3) Select a probability of error level
TYPE I AND TYPE II ERRORS
Even in the best research project, there is always a possibility (hopefully a small one) that the researcher will make a mistake regarding the relationship between the two variables.
There are two possible mistakes or errors.
The first is called a Type I error.
This occurs when the researcher assumes that a relationship exists when in fact the evidence is that it does not.
In a Type I error, the researcher should accept the null hypothesis and reject the research hypothesis, but the opposite occurs.
The probability of committing a Type I error is called alpha.
The second is called a Type II error.
This occurs when the researcher assumes that a relationship does not exist when in fact the evidence is that it does.
In a Type II error, the researcher should reject the null hypothesis and accept the research hypothesis, but the opposite occurs.
The probability of committing a Type II error is called beta.
Generally, reducing the possibility of committing a Type I error increases the possibility of committing a Type II error and vice versa, reducing the possibility of committing a Type II error increases the possibility of committing a Type I error.
Researchers generally try to minimize Type I errors, because when a researcher assumes a relationship exists when one really does not, things may be worse off than before.

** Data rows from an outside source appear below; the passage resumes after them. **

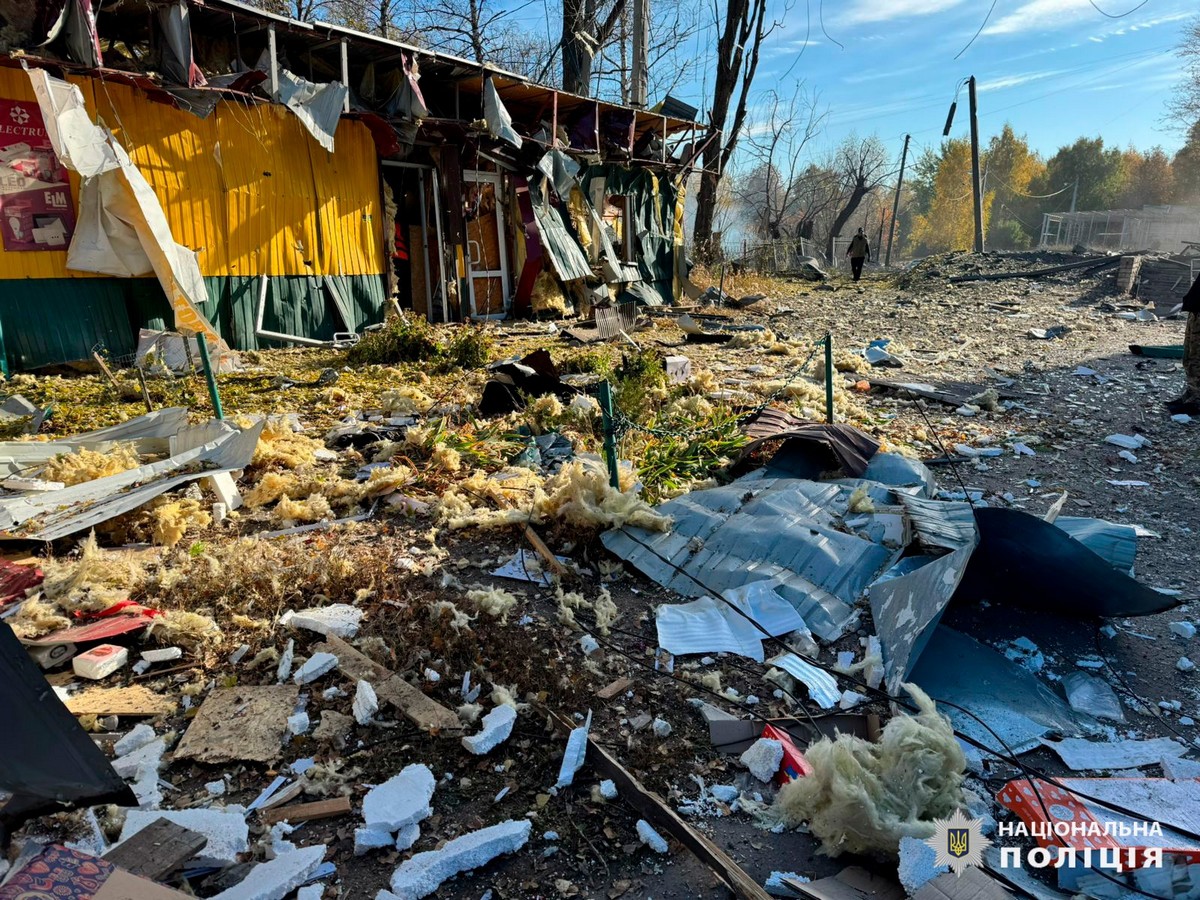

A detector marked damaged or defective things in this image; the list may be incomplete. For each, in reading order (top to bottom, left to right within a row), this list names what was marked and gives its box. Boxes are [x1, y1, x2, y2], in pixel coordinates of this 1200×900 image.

torn fabric [25, 67, 231, 356]
damaged storefront [0, 0, 704, 370]
torn fabric [482, 78, 520, 149]
torn metal roofing [0, 416, 262, 536]
torn metal roofing [604, 472, 896, 640]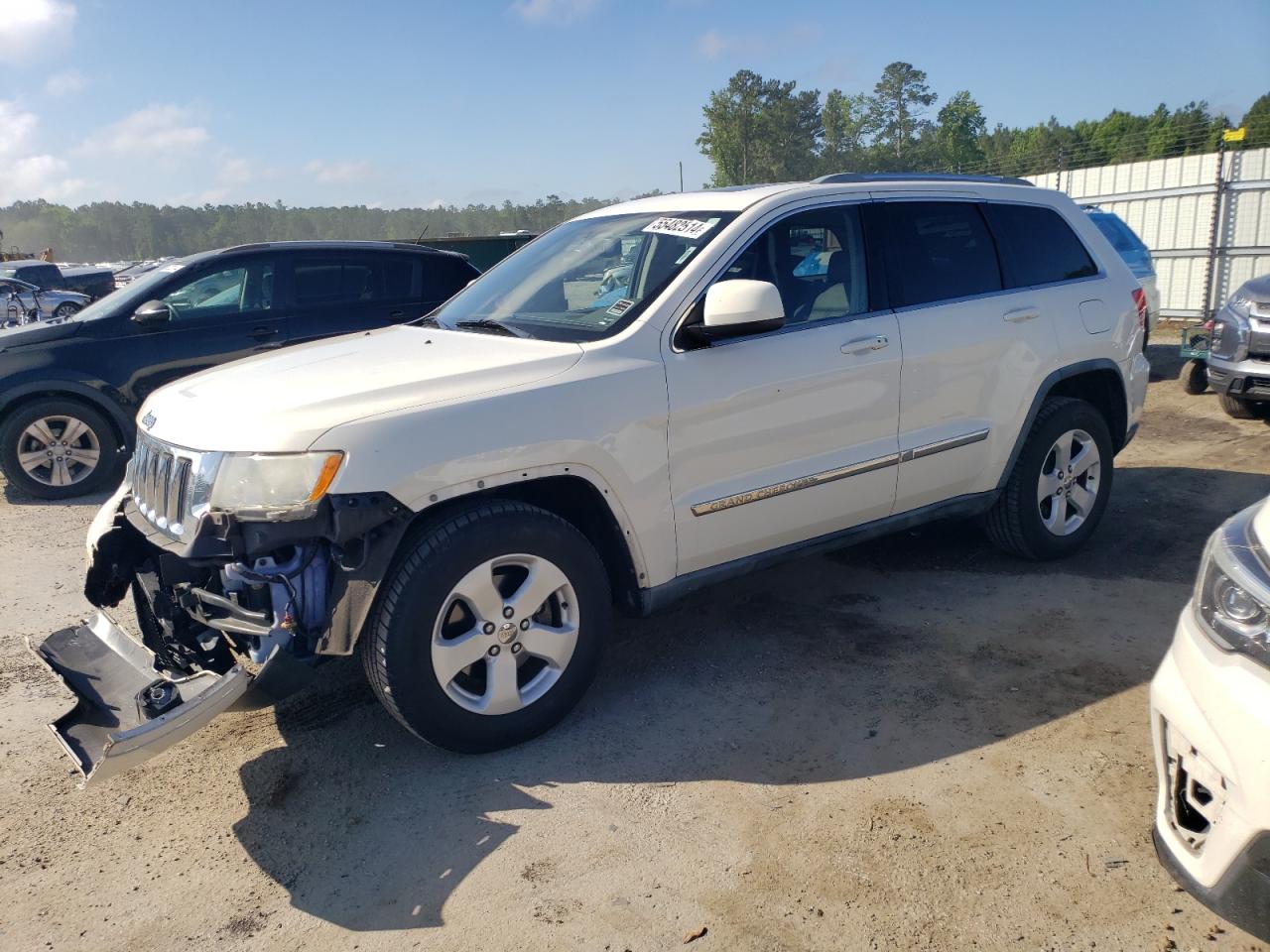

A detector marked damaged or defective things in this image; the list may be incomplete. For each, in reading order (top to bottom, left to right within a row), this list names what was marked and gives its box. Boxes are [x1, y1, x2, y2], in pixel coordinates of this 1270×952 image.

crumpled hood [138, 327, 579, 454]
detached bumper [32, 615, 250, 785]
front-end collision damage [33, 488, 413, 785]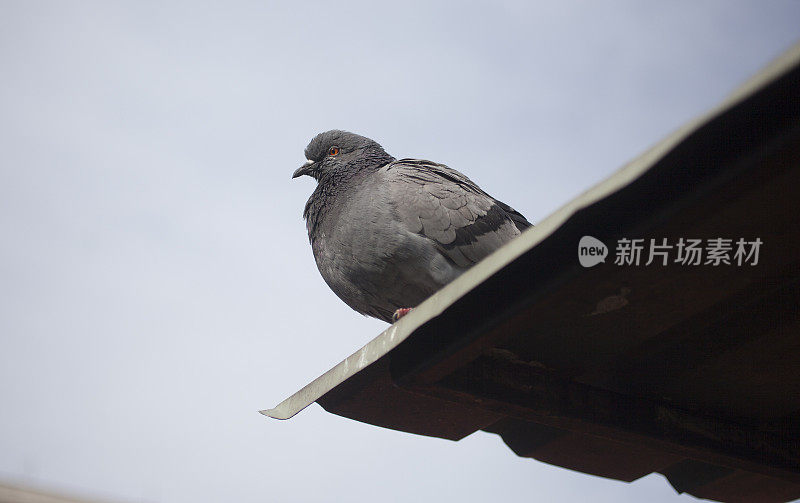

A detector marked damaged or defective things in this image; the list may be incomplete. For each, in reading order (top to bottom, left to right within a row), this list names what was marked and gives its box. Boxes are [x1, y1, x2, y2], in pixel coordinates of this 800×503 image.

rusty metal surface [266, 44, 800, 503]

In Type II errors, the researcher misses an opportunity to confirm that a relationship exists, but is no worse off than before.
In this example, which type of error would you prefer to commit?
Research Hypothesis: El Nino has reduced crop yields in County X, making it eligible for government disaster relief.
Null Hypothesis: El Nino has not reduced crop yields in County X, making it ineligible for government disaster relief.
If a Type I error is committed, then the County is assumed to be eligible for disaster relief, when it really is not (the null hypothesis should be accepted, but it is rejected). The government may be spending disaster relief funds when it should not, and taxes may be raised.
If a Type II error is committed, then the County is assumed to be ineligible for disaster relief, when it really is eligible (the null hypothesis should be accepted, but it is rejected). The government may not spend disaster relief funds when it should, and farmers may go into bankruptcy.
In this example, which type of error would you prefer to commit?
Research Hypothesis: The new drug is better at treating heart attacks than the old drug
Null Hypothesis: The new drug is no better at treating heart attacks than the old drug
If a Type I error is committed, then the new drug is assumed to be better when it really is not (the null hypothesis should be accepted, but it is rejected). People may be treated with the new drug, when they would have been better off with the old one.
If a Type II error is committed, then the new drug is assumed to be no better when it really is better (the null hypothesis should be rejected, but it is accepted). People may not be treated with the new drug, although they would be better off than with the old one.
SELECT A PROBABILITY OF ERROR LEVEL (ALPHA LEVEL)
Researchers generally specify the probability of committing a Type I error that they are willing to accept, i.e., the value of alpha.
In the social sciences, most researchers select an alpha=.05. This means that they are willing to accept a probability of 5% of making a Type I error, of assuming a relationship between two variables exists when it really does not.
In research involving public health, however, an alpha of .01 is not unusual. Researchers do not want to have a probability of being wrong more than 0.1% of the time, or one time in a thousand.
If the relationship between the two variables is strong (as assessed by a Measure of Association), and the level chosen for alpha is .05, then moderate or small sample sizes will detect it. As relationships get weaker, however, and/or as the level of alpha gets smaller, larger sample sizes will be needed for the research to reach statistical significance.